__Listed records__
==============================
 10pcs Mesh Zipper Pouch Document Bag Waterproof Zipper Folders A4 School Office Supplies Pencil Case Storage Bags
==============================
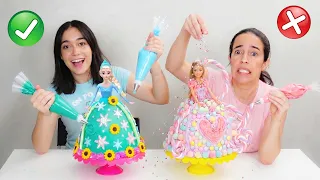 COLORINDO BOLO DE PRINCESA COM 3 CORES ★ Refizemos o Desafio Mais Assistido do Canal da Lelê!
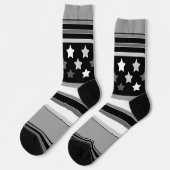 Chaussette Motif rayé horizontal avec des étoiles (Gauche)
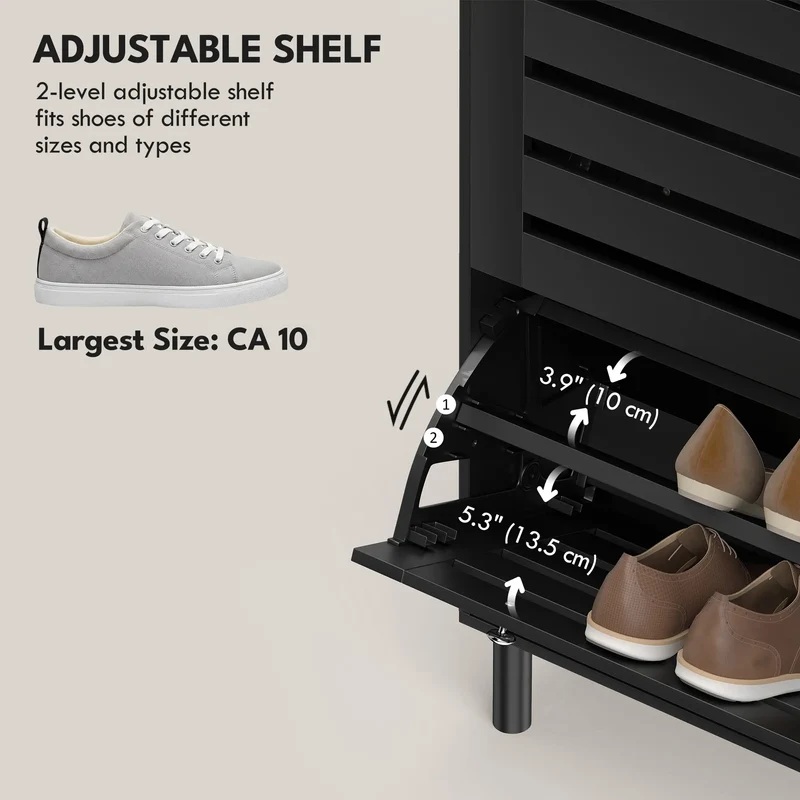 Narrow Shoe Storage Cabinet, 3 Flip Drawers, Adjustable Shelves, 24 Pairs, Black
==============================
Quote word for word only the lines above from the one containing "COLORINDO BOLO DE" through the one containing "Narrow Shoe Storage". Pictures stay out of your copy.

__Written answer__
 COLORINDO BOLO DE PRINCESA COM 3 CORES ★ Refizemos o Desafio Mais Assistido do Canal da Lelê!
 Chaussette Motif rayé horizontal avec des étoiles (Gauche)
 Narrow Shoe Storage Cabinet, 3 Flip Drawers, Adjustable Shelves, 24 Pairs, Black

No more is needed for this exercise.